YOUR INSTRUCTIONS: Below are the records; extract from them the line containing "Central Ripon Apartment" to the line containing "Date A Live", both lines included, exactly and with no pictures.

┏━━

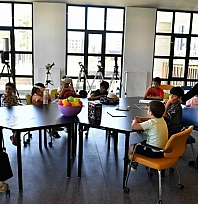 Yeşilyurt Bilim Merkezi kapılarını açtı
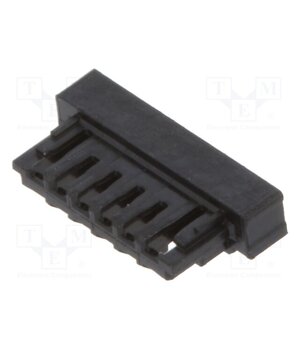 DF52-6P-0.8C Connector: wire-board; crimped; DF52; PIN: 6; w/o contacts; female D5ivXwB2yoPNo-FEy9-yeOxIzmgBa46KKIBwZfRK6aA
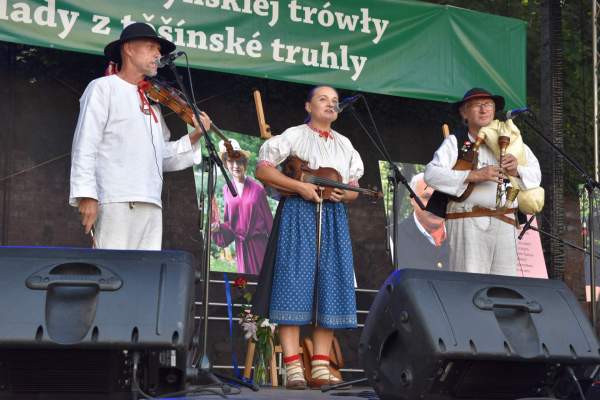 Image Skarby z trówły wydobyte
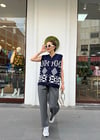 LACİVERT-KREM 1001 YELEK 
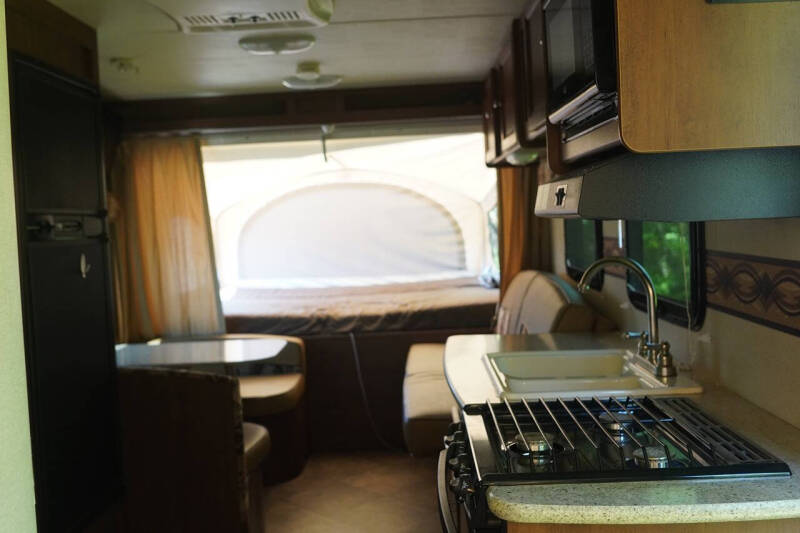 2015 Dutchmen RV Kodiak Cub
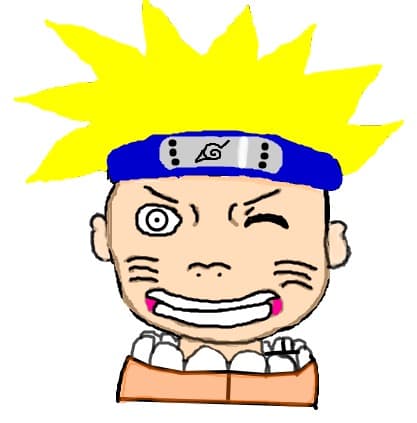 NARUTO UZUMAKY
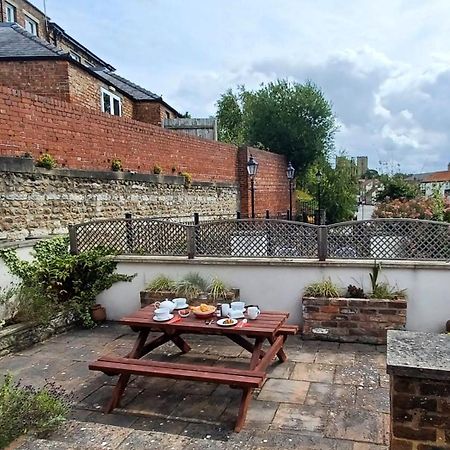 Central Ripon Apartment - View Of The Cathedral! Екстериор снимка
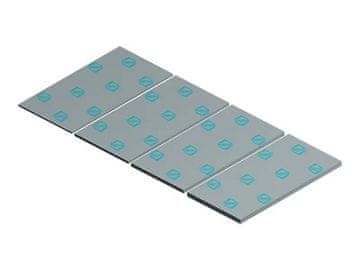 Iceberg 0,5 mm TERMALNI PODLOGA termalna podloga 40 mm x 80 mm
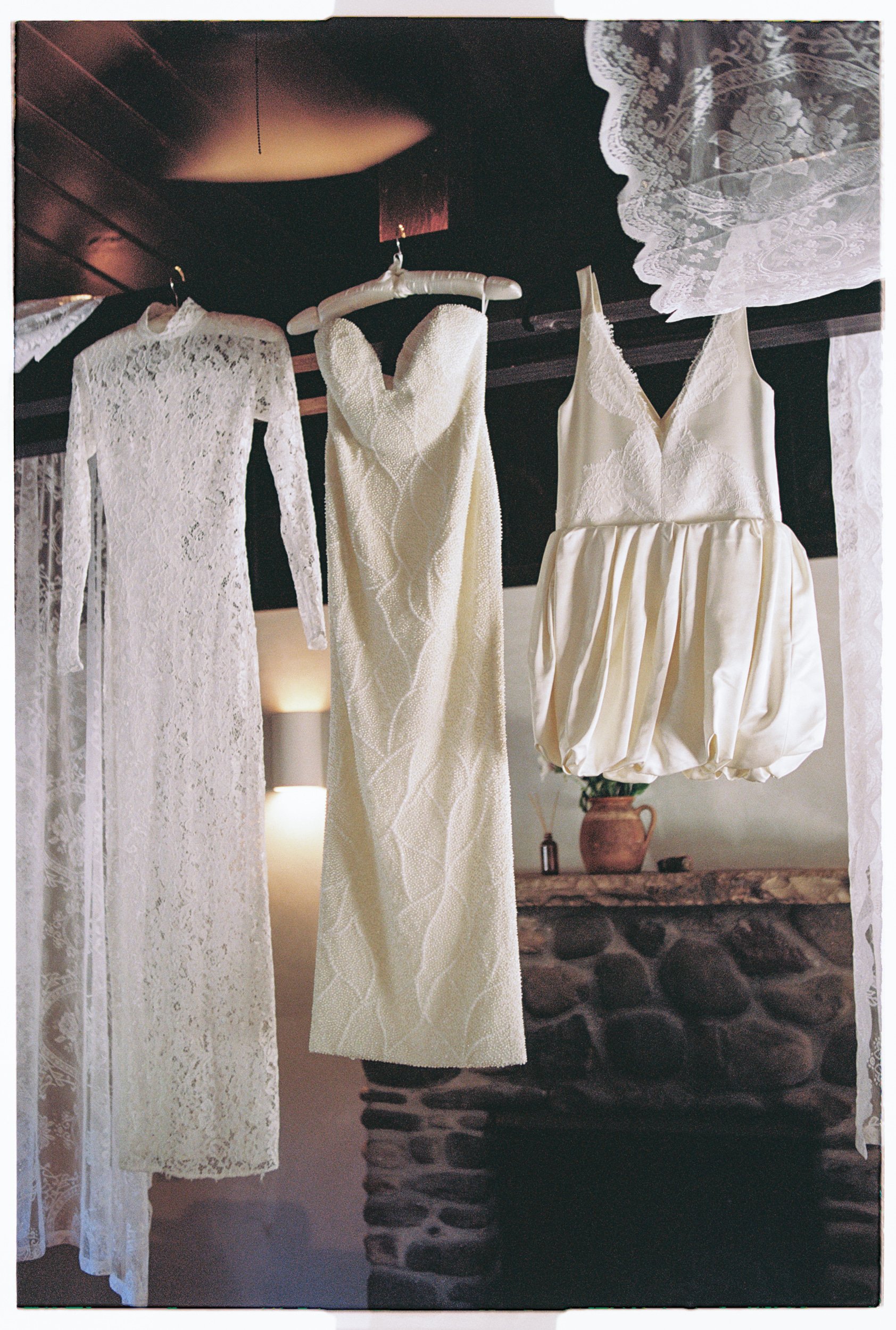 www.santabarbarawedding.com | Zaca Lake | Laine Palm Planning | Alanna Durkee | Brophy Blooms | Bride’s Dresses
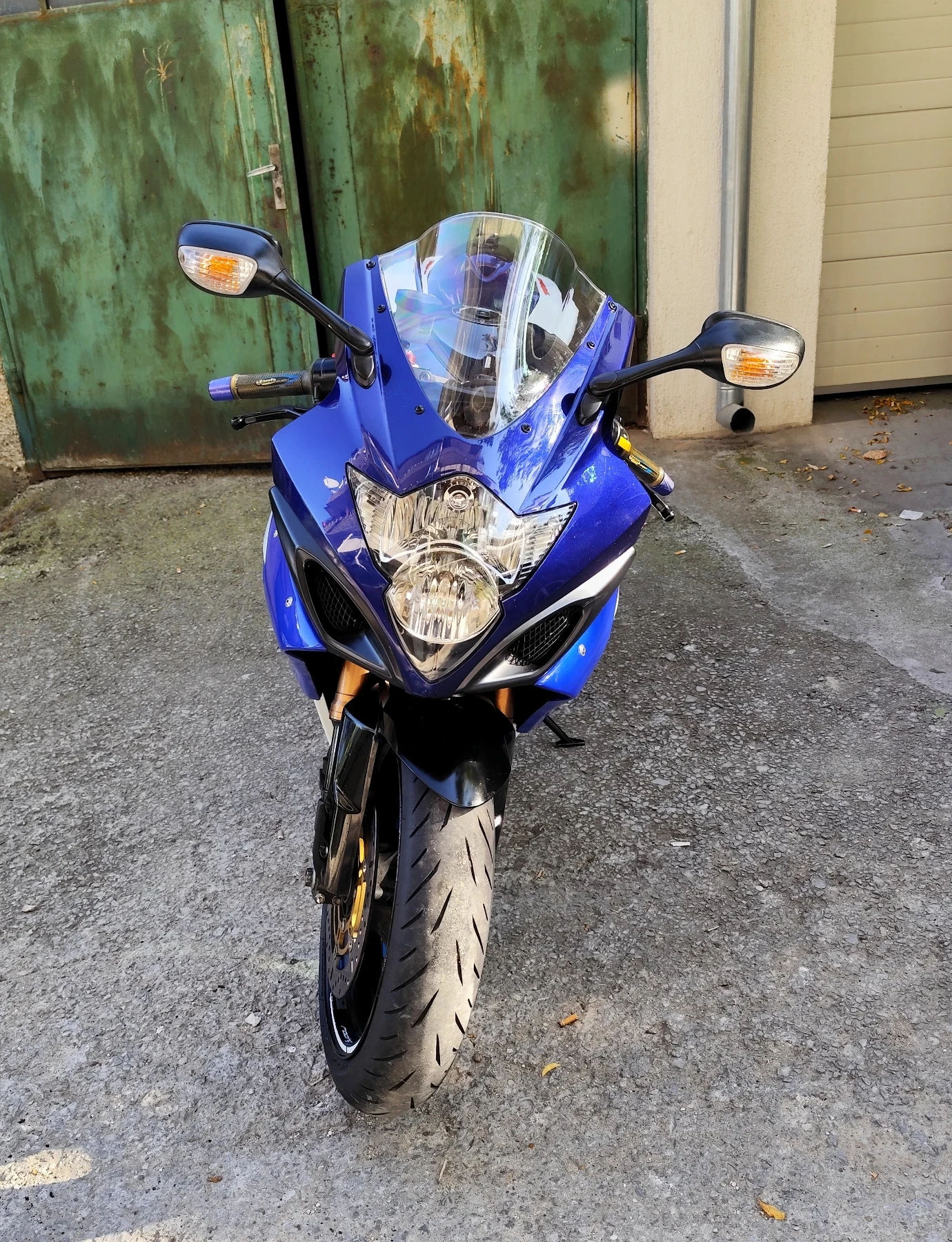 Suzuki Gsxr 1000 K5, снимка 3 - Мотоциклети и мототехника - 54106951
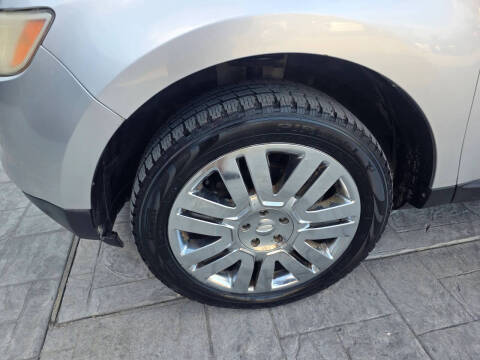 2010 Ford Edge Limited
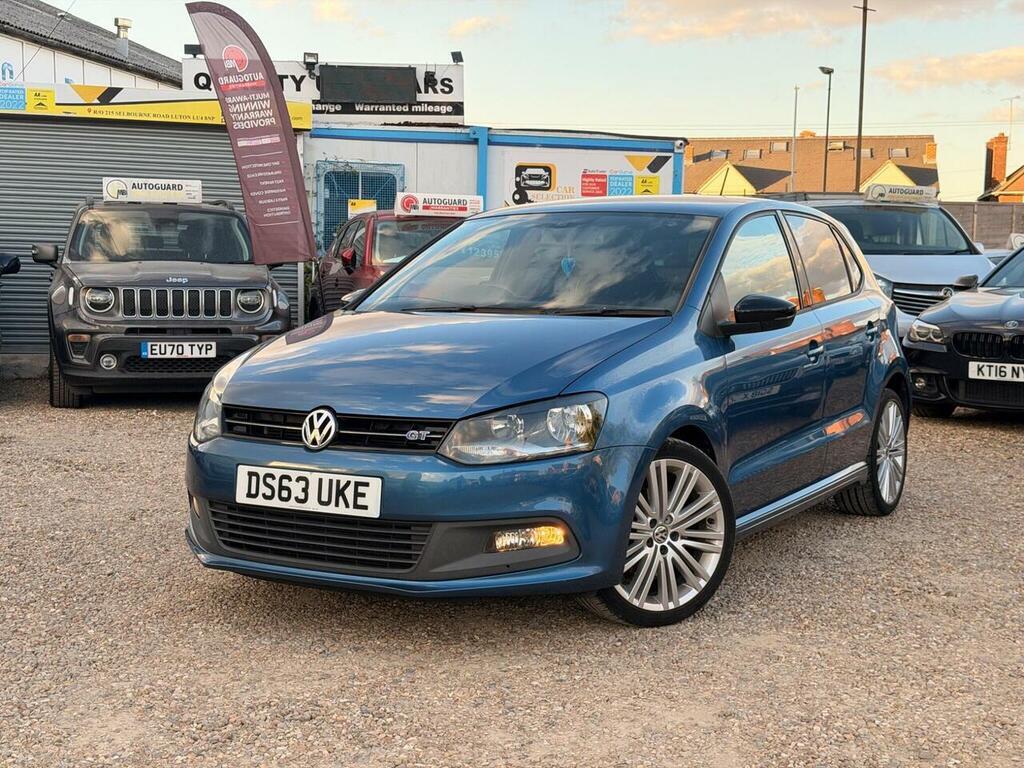 Volkswagen Polo 1.4 Match Edition Dsg - Rera Sensors - Fsh Air Silver #2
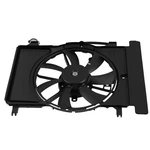 Cooling Fan 2300RPM 2-PIN For Toyota Yaris 06-2015 TO3115145 Direct Fit 7-BLADE. Fixed Price $45.27.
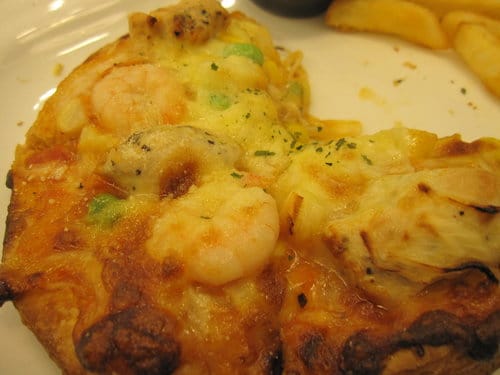NU PASTA 複合式餐廳-沙鹿店(義大利麵.焗飯.飲品) - 第12張圖 NU PASTA 複合式餐廳-沙鹿店(義大利麵.焗飯.飲品)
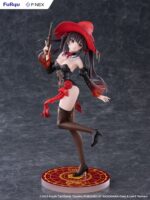 Date A Live V F:Nex PVC Figure 1/7 Kurumi Tokisaki Witch Style ver. 25 cm - immagine 5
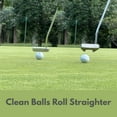 thumbnail image 5 of Golf Ball Washer- 1 Count - Golf Ball Cleaner for Golf Balls, Golf Cart Accessories for Cleaning Golf Ball, Compact Magnetic Golf Towel Golf Ball Washer for Golfers, 5 of 9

┗━━

RESULT OF THE TASK:
 Central Ripon Apartment - View Of The Cathedral! Екстериор снимка
 Iceberg 0,5 mm TERMALNI PODLOGA termalna podloga 40 mm x 80 mm
 www.santabarbarawedding.com | Zaca Lake | Laine Palm Planning | Alanna Durkee | Brophy Blooms | Bride’s Dresses
 Suzuki Gsxr 1000 K5, снимка 3 - Мотоциклети и мототехника - 54106951
 2010 Ford Edge Limited
 Volkswagen Polo 1.4 Match Edition Dsg - Rera Sensors - Fsh Air Silver #2
 Cooling Fan 2300RPM 2-PIN For Toyota Yaris 06-2015 TO3115145 Direct Fit 7-BLADE. Fixed Price $45.27.
NU PASTA 複合式餐廳-沙鹿店(義大利麵.焗飯.飲品) - 第12張圖 NU PASTA 複合式餐廳-沙鹿店(義大利麵.焗飯.飲品)
 Date A Live V F:Nex PVC Figure 1/7 Kurumi Tokisaki Witch Style ver. 25 cm - immagine 5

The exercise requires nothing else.